Drop your right knee into the bag (Sternum) and extend your left leg out to the side (Knee mount) - make sure your right foot is off the floor and all your weight is going into the bag (chest).

Grab a chain / strap (throat) and pull it down & push it into the bag so that there is some bag above it to hit.

Punch the bag as hard as you can 20 times - vary the angle of the punches, straight, hook etc (punching around his blocking hands). Punch with every ounce of strength & aggression that you have.

Hop over the bag to the other side & drop your left knee - repeat the grab & strike with your left striking.

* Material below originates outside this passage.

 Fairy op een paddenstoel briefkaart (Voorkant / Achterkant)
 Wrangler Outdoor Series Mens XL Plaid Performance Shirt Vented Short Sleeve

Pick the bag up again & run/sprint to the opposite wall (you need about 5m) and repeat the drill i.e. Pickup, run, slam, knee-mount & strikes x2, until you cannot lift the bag.

This is a great conditioning drill - and will give you valuable skills that are VERY applicable to what happens in reality.

If you have a 2nd person handy - get them to grab the bottom of the bag and move it around as you are punching (opponent is squirming around under you) - you will have to use your extended leg as an outrigger to stay in the knee-mount as you wail on the bag.

This is just stage one of what we call the "knee-mount drill" - we go on to include other types of striking, armbars etc that blend into a great solo workout!

I've seen peple puke during / after their first go at this drill - it's intense!


----------